_Exercise details_
Your copy should match the entries exactly, except that it holds no pictures.

_Material for this exercise_
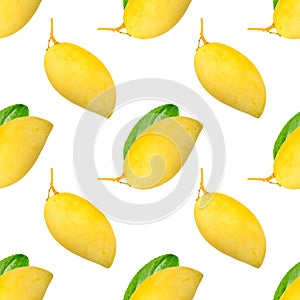Yellow mango and green leaf on a white background. Seamless pattern for design of clothes, printing on paper for packaging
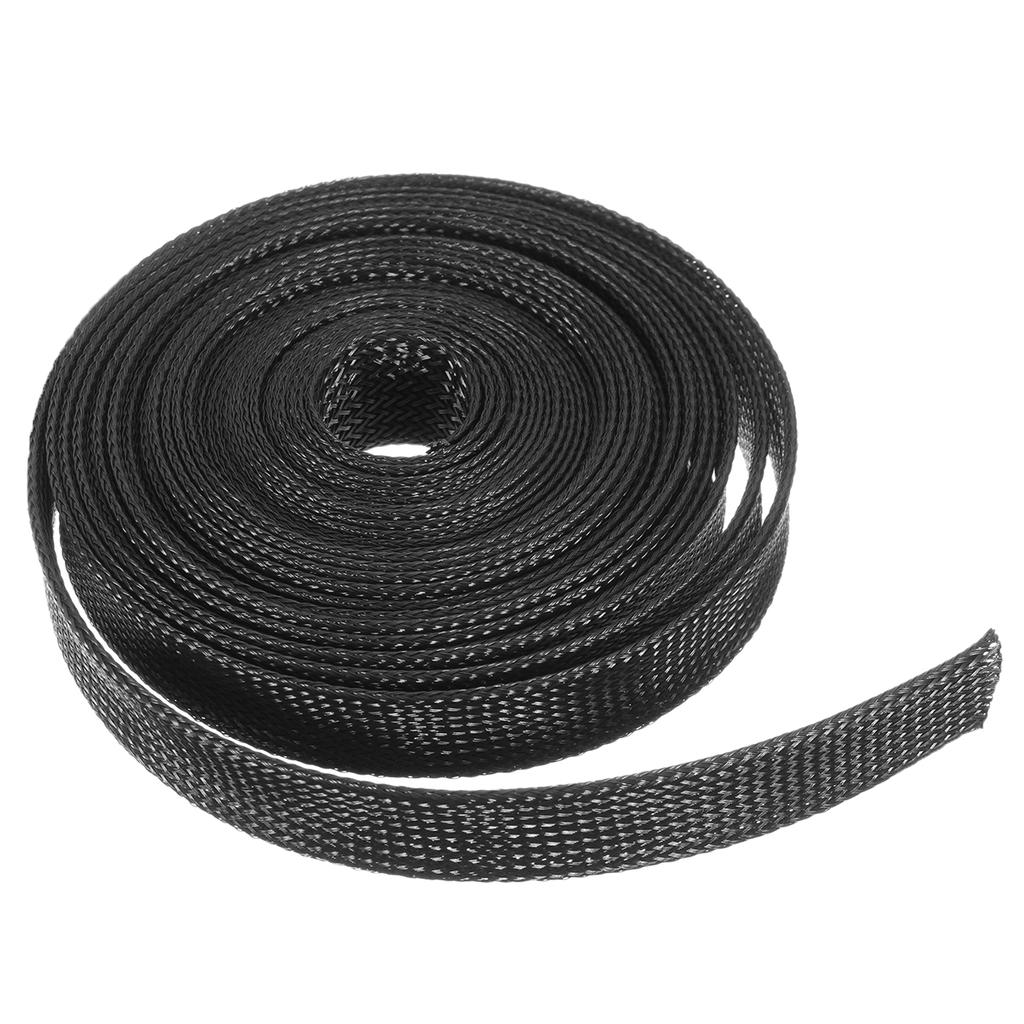 50 Ft Black Expandable Braided Cable Sleeving - 3/8 Inch Wire Loom Tubing For Organizing Cords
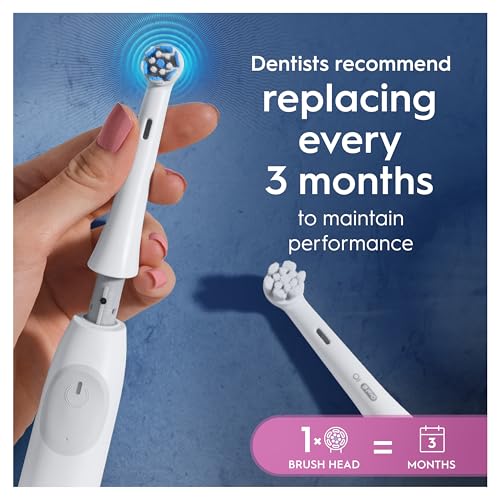 Oral-B iO Gentle Care Electric Toothbrush Head, Twisted & Angled Bristles for Deeper Plaque Removal, Pack of 4, Suitable for Mailbox, White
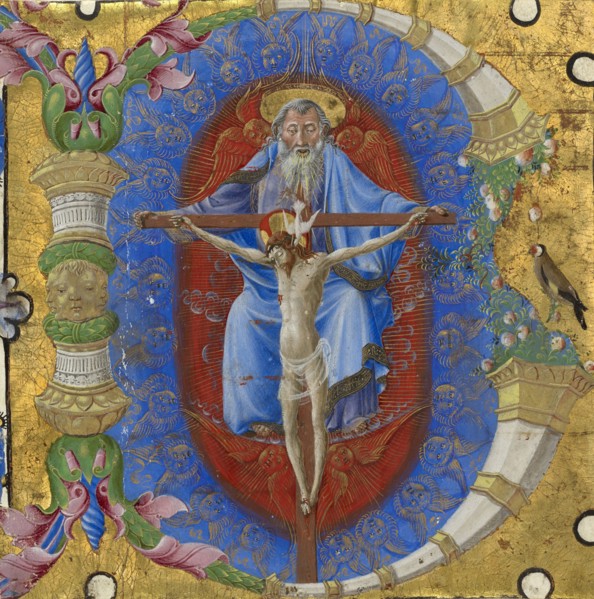 Initial B: The Trinity; Taddeo Crivelli, Italian, died about 1479, active about 1451 - 1479, Ferrara, Italy; about 1460 - 1470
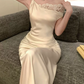 Vintage Asymmetrical Neck Prom Dress White Lace Satin Mermaid Evening Dress C9561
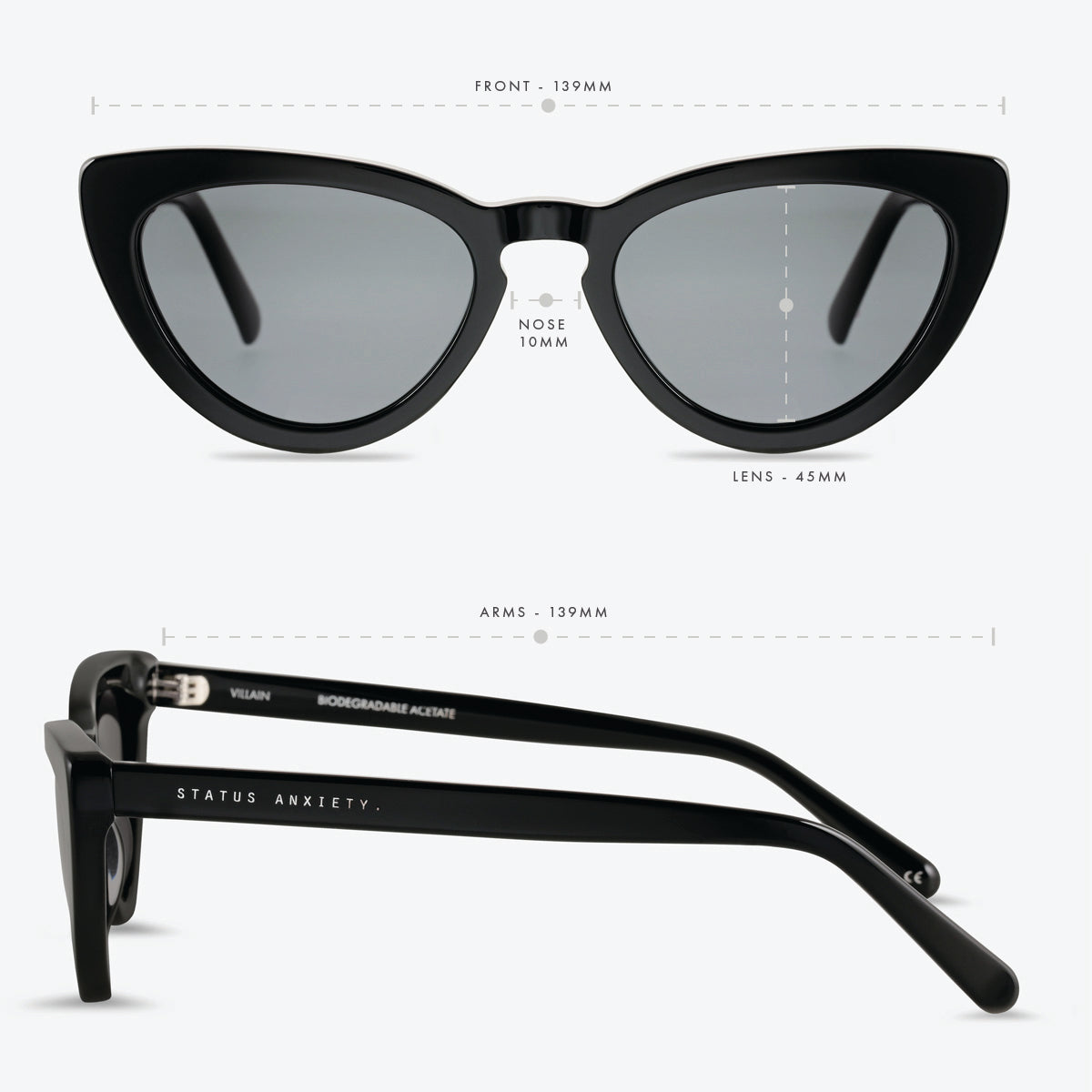 STATUS ANXIETY - Sunglasses Villain - BLACK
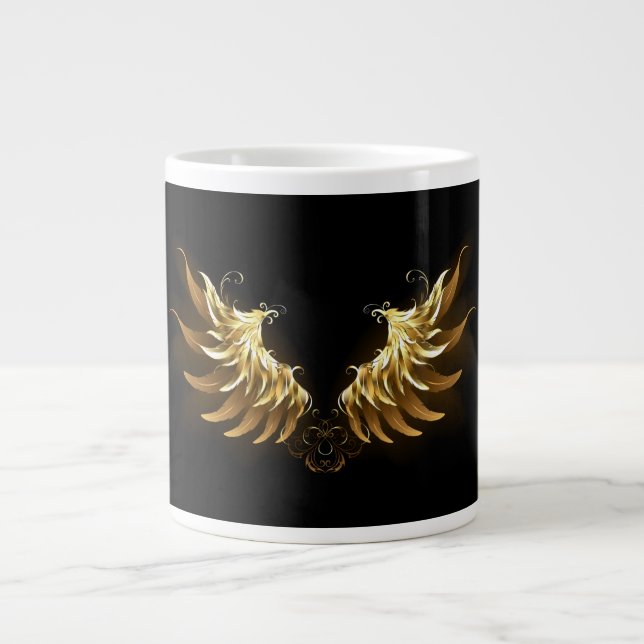 Golden Angel Wings auf schwarzem Hintergrund Jumbo-Tasse (Vorderseite)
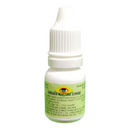 Small white bottle with a green label on a white background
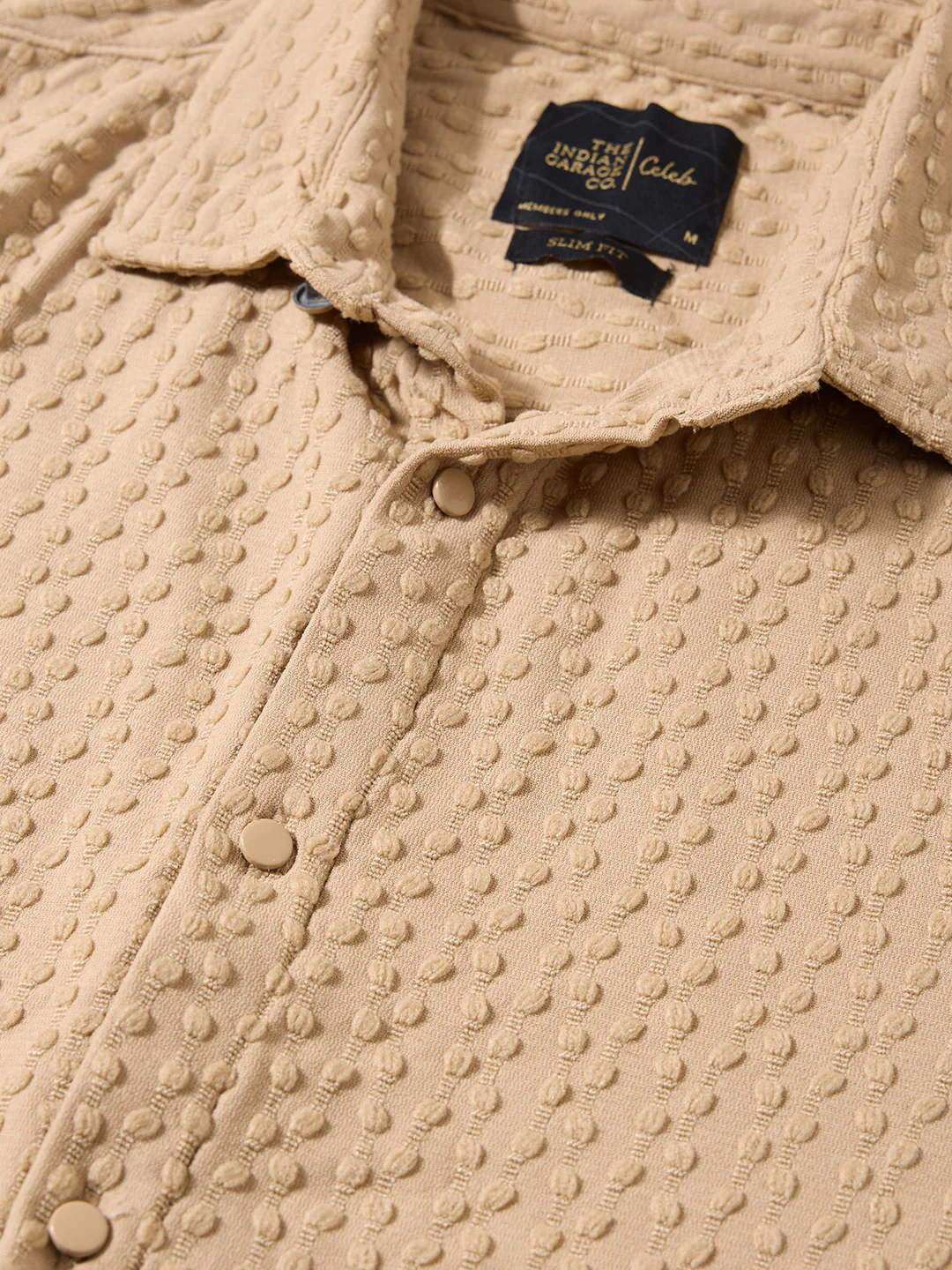 Men's Beige Slim Fit Textured Party Wear Shirt - Image 6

_Written reply_
Yellow mango and green leaf on a white background. Seamless pattern for design of clothes, printing on paper for packaging
 50 Ft Black Expandable Braided Cable Sleeving - 3/8 Inch Wire Loom Tubing For Organizing Cords
 Oral-B iO Gentle Care Electric Toothbrush Head, Twisted & Angled Bristles for Deeper Plaque Removal, Pack of 4, Suitable for Mailbox, White
 Initial B: The Trinity; Taddeo Crivelli, Italian, died about 1479, active about 1451 - 1479, Ferrara, Italy; about 1460 - 1470
 Vintage Asymmetrical Neck Prom Dress White Lace Satin Mermaid Evening Dress C9561
 STATUS ANXIETY - Sunglasses Villain - BLACK
 Golden Angel Wings auf schwarzem Hintergrund Jumbo-Tasse (Vorderseite)
 Small white bottle with a green label on a white background
 Men's Beige Slim Fit Textured Party Wear Shirt - Image 6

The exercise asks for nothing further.